4 Stars

While Jerzy Skoimowski’s EO is being billed and labeled as “a modern-day retelling of Robert Bresson’s Au Hazard Balthazar,” the film stands on its own as a modern update that is every bit as compassionate and noble as Bresson’s 1966 masterpiece. An incredible odyssey about an animal experiencing crisis after crisis as a result of humans’ mistreatment of animals and each other. A study of public morality upheld with intoxicating visuals that is seen through the eyes of a donkey is one of Skoimawswki’s most notable films. The film is vastly different than much of his previous work, with an elegiac narrative, elliptical imagery, and mythical overtones. The film also has some sudden bursts of violence and other distressing cruelties, but they only elevate the drama, and EO is one of the most resonant films you will ever see of about animals as their faces express so much emotion. The film’s technical craftmanship and directing also stand as a highlight of the year. In the end, the film is not only a visually sublime and commendable tribute to Bresson, but it’s also just as emotionally affecting as any human drama you will experience this year.

The film’s main character, like Au Hazar-Balthazar, is a donkey who travels through life in the European countryside, escaping one crisis after another and being cared for by one human after another. The film’s ravishing cinematography by Micha Dymek impresses in the very opening shot as we open up with the donkey lying down in the middle of a circus ring as red neon lights bathe over him and a young Kasandra (Sandra Dzrymalska) keeps reassuring the donkey, whose name is EO. She treats him with grace and humility in the aftermath of some type of pain the donkey endured, almost protecting him as she mourns over him for his mistreatment. She holds EO down with intimacy, as if the aesthetics show the existence of a purgatory between her and EO. Red neon light and red end up becoming a common color motif throughout the course of the film as well.

EO | Quai des Images

Just like Bresson’s masterpiece, EO examines our relationship with animals. The film explores how humankind is incapable of being pure towards animals because we hold so many indifferences and hostilities towards each other. Ultimately, Skoimowski’s even connects the commonalities between humans and animals, showing how working-class humans carry on with daily routines and mechanical duties that eventually benefit a hierarchy as we all confine ourselves within the same structures adorable EO finds himself trapped in.

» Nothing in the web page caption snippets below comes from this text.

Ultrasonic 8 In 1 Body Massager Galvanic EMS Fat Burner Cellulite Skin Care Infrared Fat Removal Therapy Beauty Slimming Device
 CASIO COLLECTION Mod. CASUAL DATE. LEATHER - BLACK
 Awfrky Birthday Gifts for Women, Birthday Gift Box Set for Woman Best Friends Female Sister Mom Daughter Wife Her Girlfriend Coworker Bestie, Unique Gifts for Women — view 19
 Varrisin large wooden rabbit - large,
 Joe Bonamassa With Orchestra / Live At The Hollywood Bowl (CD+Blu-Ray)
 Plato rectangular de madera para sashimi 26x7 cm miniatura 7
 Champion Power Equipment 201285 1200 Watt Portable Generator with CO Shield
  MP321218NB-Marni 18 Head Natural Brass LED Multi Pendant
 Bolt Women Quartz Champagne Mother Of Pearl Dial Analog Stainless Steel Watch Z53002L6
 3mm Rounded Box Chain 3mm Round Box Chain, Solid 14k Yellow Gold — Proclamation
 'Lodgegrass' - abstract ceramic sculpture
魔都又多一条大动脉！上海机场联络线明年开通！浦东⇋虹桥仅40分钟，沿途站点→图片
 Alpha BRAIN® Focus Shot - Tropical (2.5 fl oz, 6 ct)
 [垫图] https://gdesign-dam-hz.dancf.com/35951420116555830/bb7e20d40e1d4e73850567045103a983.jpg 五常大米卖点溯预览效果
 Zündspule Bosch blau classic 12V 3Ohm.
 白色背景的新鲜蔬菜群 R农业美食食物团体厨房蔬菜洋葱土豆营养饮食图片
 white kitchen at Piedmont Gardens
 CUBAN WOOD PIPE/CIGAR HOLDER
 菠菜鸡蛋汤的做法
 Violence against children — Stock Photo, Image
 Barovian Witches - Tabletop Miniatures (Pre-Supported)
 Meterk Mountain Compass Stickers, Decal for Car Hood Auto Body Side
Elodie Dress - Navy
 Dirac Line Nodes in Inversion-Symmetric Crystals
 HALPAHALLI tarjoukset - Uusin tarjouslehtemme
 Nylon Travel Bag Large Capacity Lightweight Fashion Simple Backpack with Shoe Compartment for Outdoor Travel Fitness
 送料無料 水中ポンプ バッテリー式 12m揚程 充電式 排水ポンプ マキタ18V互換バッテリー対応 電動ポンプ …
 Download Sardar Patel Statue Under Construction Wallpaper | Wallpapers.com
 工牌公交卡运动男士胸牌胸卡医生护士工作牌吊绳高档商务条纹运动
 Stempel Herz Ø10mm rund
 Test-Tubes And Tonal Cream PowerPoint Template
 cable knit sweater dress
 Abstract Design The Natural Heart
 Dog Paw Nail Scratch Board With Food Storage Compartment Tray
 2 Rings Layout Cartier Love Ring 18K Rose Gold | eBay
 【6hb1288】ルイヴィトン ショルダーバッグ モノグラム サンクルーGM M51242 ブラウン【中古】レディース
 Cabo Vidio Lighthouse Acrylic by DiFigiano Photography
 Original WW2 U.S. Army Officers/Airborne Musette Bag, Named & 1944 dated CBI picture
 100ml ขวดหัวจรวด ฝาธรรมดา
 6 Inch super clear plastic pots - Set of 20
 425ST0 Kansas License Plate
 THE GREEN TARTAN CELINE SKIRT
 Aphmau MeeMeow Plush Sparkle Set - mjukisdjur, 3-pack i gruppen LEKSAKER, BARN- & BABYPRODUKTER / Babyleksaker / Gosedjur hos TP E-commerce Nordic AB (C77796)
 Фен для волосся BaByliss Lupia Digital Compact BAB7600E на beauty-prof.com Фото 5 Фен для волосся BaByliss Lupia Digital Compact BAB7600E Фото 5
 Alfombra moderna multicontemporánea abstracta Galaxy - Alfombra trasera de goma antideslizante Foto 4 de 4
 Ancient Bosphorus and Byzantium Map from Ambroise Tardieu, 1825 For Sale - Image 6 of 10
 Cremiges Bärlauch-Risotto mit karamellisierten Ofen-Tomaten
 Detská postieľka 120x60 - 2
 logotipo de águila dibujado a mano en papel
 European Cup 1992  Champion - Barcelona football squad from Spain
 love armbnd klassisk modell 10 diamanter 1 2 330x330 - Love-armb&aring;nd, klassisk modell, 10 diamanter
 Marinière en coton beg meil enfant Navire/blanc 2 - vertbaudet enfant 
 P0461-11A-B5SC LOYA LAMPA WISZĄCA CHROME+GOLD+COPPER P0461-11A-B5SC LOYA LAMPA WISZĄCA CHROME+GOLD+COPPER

The film’s structure is very much like Bresson’s as well, as it’s very episodic as EO moves and escapes from one human after another. Humans serve more as abstractions, or traits of humanity with varying degrees. We have encounters that display both the cruelties and the kindness of human morality as we see exploitation, rivalry, violence, incest, and finally compassion. Isabelle Huppert makes a surprise appearance that takes a more Bunuelian turn as her section of the film deals with an estranged stepmother and son interlude that adds to Skoimowski’s themes of personal morality. That is the luminous beauty of EO: it merges magical realism with abstraction in a way that rivals some of Europe’s most important landmark art-house filmmakers, from Dreyer to Bergman, and, of course, Bunuel and Bresson. Skolimowski creates his own unique vision at the time, which defies expectations and is both surreal and emotionally sincere.

New York Film Festival 2022: EO - Film Inquiry

The cinematography also reigns supreme. Everything from the extreme close-ups of EO to the profile shots gives the donkey an elegiac vulnerability. Dymek’s cinematography and Skoimowski’s conceptualization shoot EO with a variety of lenses and shots ranging from wide to bird’s-eye to moving tracking shots that heighten the film’s angelic tone. The way EO is shot makes him one of the most vulnerable creatures you will see in the frame. They even alternate to EO’s point-of-view as blurred edges close out in the frame, which is in the vein of Andrew Dominick’s films and gives the film a feeling of a translucent dream state.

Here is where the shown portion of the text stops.